(WHAT THIS TASK INVOLVES):
Reproduce the lines from the one holding "飞升三国（送2048真充）" to the end of the entries. Include both ends and change nothing.

--- RECORDS SHOWN Enclosed Below ---

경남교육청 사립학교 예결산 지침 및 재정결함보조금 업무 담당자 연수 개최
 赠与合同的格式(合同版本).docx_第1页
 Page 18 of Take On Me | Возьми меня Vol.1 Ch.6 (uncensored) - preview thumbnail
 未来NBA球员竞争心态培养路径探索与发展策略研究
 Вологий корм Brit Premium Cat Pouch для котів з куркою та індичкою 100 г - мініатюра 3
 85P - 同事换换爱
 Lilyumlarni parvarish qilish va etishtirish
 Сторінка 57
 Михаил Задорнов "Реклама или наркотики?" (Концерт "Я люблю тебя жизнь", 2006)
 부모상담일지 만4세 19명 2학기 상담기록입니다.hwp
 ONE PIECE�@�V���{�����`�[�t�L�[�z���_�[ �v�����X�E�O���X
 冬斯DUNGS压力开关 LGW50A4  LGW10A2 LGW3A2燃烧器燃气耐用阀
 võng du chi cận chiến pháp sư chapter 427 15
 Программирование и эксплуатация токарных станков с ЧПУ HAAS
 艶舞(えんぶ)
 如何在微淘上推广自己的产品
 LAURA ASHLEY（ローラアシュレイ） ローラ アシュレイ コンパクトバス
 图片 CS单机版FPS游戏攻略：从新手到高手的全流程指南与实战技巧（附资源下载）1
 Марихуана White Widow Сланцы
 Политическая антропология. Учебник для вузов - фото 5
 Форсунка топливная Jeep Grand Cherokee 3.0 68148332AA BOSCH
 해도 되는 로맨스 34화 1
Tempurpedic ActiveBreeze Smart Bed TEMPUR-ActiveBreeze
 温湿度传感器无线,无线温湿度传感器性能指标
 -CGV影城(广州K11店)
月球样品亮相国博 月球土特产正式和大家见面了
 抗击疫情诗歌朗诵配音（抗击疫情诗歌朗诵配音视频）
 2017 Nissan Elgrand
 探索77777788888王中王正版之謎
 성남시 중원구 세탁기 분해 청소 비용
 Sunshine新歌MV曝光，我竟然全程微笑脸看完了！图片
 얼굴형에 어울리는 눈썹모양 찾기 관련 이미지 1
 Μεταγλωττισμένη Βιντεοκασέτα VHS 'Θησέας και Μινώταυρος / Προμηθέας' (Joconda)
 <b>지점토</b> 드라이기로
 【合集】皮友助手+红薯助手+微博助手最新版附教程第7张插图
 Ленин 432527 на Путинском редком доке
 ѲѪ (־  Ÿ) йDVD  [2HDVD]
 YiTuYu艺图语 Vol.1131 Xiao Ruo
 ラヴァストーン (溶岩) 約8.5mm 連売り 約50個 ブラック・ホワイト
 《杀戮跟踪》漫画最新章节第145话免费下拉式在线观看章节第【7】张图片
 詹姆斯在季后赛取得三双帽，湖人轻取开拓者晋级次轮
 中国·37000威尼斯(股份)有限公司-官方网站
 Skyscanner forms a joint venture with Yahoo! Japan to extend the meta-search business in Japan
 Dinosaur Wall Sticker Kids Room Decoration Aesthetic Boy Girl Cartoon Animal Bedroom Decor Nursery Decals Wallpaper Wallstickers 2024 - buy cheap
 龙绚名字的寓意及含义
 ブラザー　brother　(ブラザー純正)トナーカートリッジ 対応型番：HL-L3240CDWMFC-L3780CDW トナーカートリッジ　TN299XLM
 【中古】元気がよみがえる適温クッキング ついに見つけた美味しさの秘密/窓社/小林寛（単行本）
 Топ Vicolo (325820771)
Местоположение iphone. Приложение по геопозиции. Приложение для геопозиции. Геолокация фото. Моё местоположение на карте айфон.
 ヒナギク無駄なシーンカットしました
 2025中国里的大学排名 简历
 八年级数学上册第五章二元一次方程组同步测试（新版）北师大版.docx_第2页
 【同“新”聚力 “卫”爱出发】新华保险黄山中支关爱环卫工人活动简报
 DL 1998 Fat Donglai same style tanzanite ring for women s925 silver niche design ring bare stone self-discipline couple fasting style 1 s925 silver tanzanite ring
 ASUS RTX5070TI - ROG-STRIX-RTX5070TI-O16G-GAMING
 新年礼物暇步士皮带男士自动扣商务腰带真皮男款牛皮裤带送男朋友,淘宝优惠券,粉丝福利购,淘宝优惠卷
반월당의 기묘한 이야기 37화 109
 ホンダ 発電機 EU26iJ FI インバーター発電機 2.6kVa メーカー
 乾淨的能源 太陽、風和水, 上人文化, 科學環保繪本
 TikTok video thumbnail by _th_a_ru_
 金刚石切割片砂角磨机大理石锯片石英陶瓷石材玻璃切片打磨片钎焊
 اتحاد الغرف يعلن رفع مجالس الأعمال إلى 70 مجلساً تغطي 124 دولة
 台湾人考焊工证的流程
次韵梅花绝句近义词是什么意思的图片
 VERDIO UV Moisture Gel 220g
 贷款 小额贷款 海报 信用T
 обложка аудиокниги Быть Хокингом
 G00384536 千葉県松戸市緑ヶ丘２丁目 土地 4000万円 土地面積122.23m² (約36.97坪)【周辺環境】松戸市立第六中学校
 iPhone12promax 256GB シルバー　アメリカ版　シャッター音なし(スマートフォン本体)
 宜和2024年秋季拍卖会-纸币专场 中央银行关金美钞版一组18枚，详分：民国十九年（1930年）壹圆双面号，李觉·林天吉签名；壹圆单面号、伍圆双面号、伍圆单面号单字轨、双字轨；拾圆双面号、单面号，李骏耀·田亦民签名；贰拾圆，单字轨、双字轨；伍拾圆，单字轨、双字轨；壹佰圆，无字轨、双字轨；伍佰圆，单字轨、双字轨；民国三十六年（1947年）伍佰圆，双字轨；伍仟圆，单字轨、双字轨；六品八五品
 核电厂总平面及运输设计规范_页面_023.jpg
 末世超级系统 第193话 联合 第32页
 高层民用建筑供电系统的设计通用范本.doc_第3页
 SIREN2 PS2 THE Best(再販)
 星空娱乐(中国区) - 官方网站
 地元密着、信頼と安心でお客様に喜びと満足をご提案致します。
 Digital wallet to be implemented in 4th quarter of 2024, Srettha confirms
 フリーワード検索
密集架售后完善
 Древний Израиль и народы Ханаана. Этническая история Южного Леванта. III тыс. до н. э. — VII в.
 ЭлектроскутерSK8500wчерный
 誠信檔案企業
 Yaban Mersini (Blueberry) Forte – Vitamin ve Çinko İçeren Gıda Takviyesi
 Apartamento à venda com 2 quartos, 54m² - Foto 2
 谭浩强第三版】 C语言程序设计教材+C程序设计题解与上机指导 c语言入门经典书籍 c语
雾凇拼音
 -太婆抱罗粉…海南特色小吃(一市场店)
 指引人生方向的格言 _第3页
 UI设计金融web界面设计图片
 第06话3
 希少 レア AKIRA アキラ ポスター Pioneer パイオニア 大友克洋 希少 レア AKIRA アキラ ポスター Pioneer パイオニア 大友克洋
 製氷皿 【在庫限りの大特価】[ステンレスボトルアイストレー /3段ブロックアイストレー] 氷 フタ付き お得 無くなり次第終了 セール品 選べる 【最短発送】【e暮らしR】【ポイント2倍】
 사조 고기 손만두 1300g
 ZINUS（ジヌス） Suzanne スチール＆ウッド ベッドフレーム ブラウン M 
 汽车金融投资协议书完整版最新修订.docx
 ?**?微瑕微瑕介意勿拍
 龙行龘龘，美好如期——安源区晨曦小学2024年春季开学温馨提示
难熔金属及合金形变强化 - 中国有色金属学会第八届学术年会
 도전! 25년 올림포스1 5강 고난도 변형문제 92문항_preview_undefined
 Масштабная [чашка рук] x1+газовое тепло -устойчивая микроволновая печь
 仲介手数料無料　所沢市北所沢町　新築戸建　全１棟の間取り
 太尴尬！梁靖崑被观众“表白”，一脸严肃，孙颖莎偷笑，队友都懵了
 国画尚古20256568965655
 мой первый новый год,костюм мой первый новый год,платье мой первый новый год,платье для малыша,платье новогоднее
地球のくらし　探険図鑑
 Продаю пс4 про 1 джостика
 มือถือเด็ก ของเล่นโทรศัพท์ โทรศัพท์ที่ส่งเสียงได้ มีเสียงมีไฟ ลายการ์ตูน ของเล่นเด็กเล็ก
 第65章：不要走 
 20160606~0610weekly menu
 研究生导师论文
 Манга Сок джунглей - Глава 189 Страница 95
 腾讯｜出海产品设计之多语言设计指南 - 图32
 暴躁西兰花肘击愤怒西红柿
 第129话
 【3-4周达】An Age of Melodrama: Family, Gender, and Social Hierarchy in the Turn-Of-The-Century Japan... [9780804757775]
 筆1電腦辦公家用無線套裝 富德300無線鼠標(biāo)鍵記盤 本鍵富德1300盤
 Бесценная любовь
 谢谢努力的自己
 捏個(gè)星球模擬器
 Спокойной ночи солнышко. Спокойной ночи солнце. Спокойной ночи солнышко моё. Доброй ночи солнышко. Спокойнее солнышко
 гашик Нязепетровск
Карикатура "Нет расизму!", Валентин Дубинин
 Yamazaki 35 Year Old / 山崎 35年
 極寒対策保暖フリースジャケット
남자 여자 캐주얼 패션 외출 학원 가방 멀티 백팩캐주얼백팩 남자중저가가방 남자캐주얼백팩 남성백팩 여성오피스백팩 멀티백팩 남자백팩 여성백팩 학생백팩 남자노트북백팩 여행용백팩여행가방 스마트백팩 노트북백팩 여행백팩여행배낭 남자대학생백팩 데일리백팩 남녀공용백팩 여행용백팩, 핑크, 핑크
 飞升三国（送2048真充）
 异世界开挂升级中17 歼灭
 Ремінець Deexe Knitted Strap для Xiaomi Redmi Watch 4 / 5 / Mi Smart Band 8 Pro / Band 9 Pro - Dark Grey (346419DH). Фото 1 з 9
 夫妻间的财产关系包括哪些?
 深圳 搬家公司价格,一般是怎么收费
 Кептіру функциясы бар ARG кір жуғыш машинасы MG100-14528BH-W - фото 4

--- End of Enclosed RECORDS SHOWN ---

(RESPONSE BOX):
 飞升三国（送2048真充）
 异世界开挂升级中17 歼灭
 Ремінець Deexe Knitted Strap для Xiaomi Redmi Watch 4 / 5 / Mi Smart Band 8 Pro / Band 9 Pro - Dark Grey (346419DH). Фото 1 з 9
 夫妻间的财产关系包括哪些?
 深圳 搬家公司价格,一般是怎么收费
 Кептіру функциясы бар ARG кір жуғыш машинасы MG100-14528BH-W - фото 4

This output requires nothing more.